Bosnian root music (izvorna bosanska muzika/изворна босанска музика) is polyphonic type of singing. It is the most popular form of rural music in Bosnia and Herzegovina. The singers are usually followed by violin, dvojnice and šargija.  It is connected to ganga and ravne pjesme, which are also characteristic for Bosnia and Herzegovina. The origin of the music is unknown, but some characteristics, like different temperament from the standard music, suggest it is an old type of music.

Songs
The songs are about all kinds of things from being a "lola" and "baraba", about love of a woman, having a good life, but also about sad things like mostly the war in Bosnia, or the nostalgia that expatriates experience about their home country. More recently Bosnian root music has - in a humorous way - concentrated on some facets of the modern way of life, like the widespread use of Facebook and smartphones.

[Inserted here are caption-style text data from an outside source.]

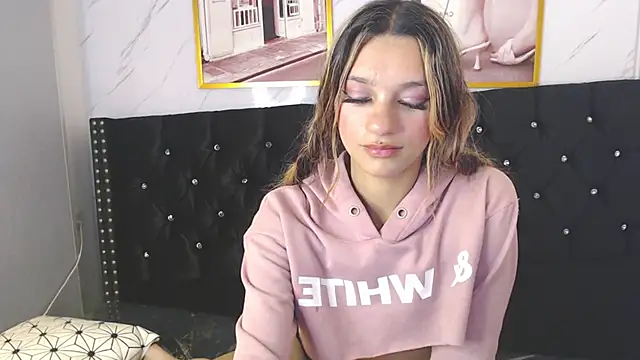 Snapshot of Laurita_b chatting on January 15, 2025, 3:50 pm Laurita b online show from January 15, 2025, 3:50 pm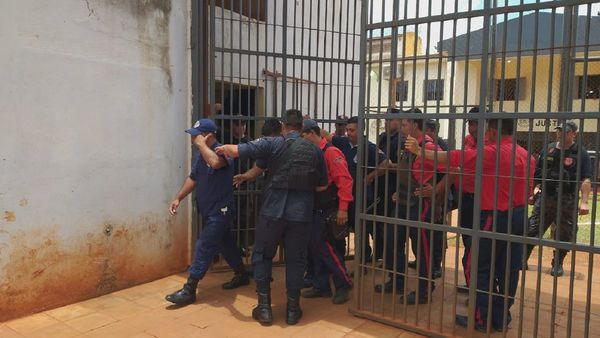 Concejal y abogado de Minotauro pidió comisionamiento de guardias imputados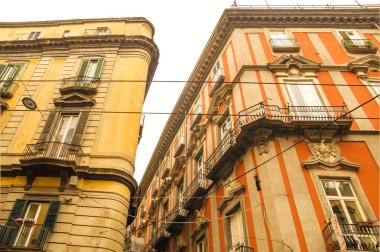 Napoli, İtalya - 13 Kasım 2015. Napoli, İtalya'nın tarihi merkezinde sokak manzarası. 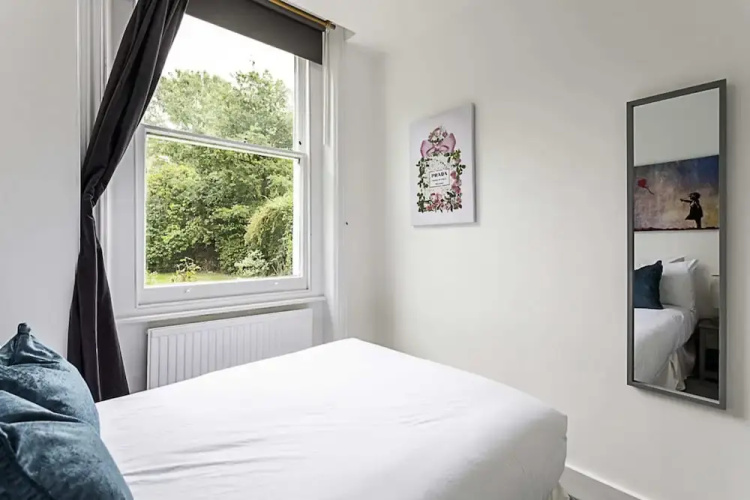 Clapham Charm: 2-bedroom Beauty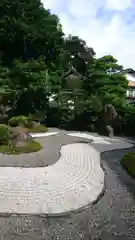 極楽寺の庭園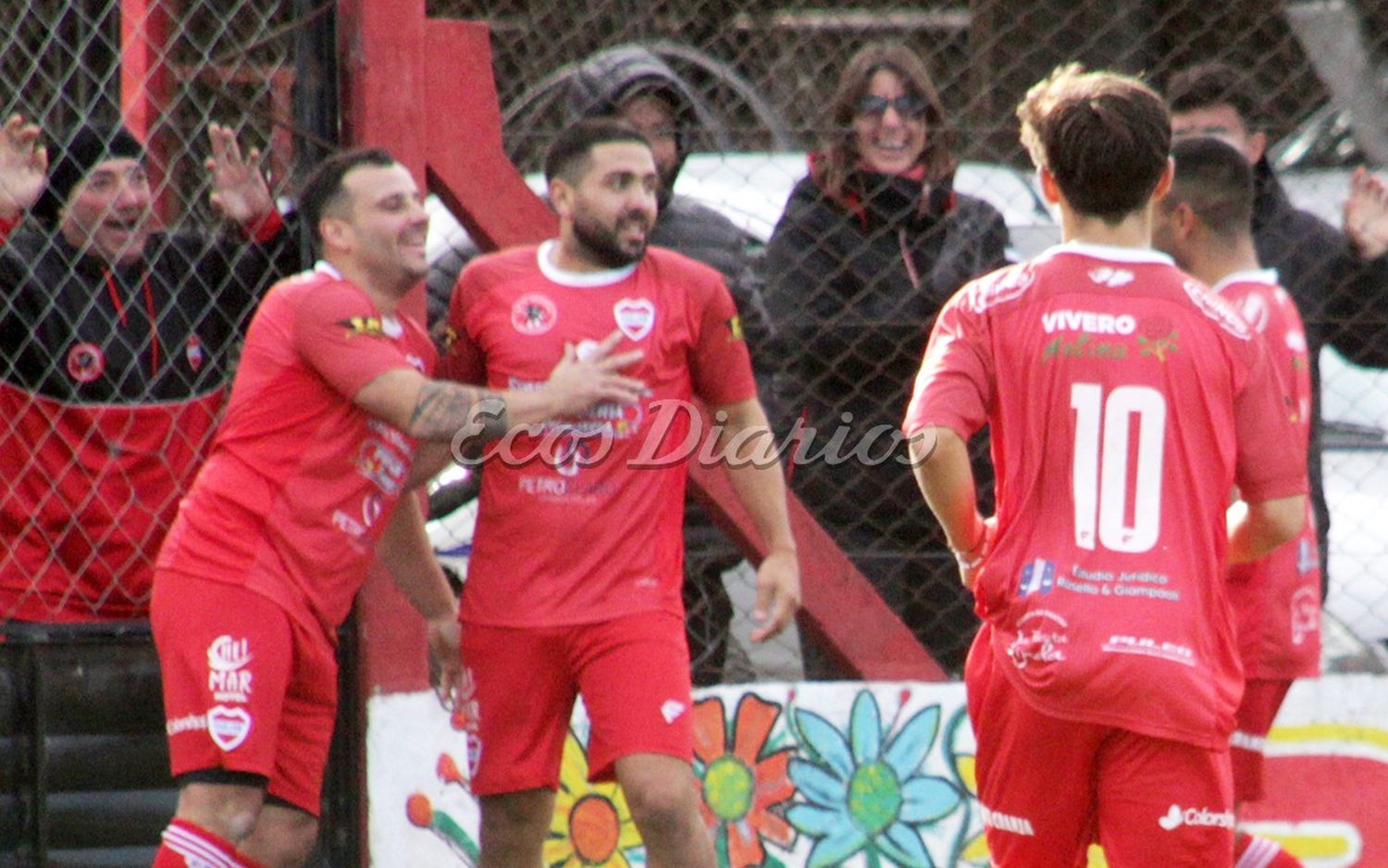 Con los hinchas festejan un gol Pedro e Ibargüengoitía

Bosnian Root Music groups and singers
Some well-known Bosnian root groups currently would be Sateliti, Raspjevani Meraklije, Marko and Ilija Begic,DiciMai and CrissMate, and many others. The music has proven to be a way for former enemies to become friends again. Root music is popular among Serbs from the areas in and surrounding Ozren, Croats from Usora, Žepče and Posavina and even Bosniaks from Podrinje

Style
Bosnian root music is a polyphonic, or more commonly heterophonic music, which is usually sung by two singers. The first singer starts the song, and after some number of syllables the other joins in. Intervals used in this type of singing are minor and major second, which is characteristic for most of the Bosnian and Herzegovinian music, and some parts of Croatia. Range of the songs is usually very narrow, consisting of only few tones. The two singers differ in the use of ornaments, so usually the first one who started the song uses vibrato and trill while he is singing alone, and when the other joins in he uses no ornaments, while the other uses a lot of trill, which are produced from throat giving the overall performance its characteristic detuned nature.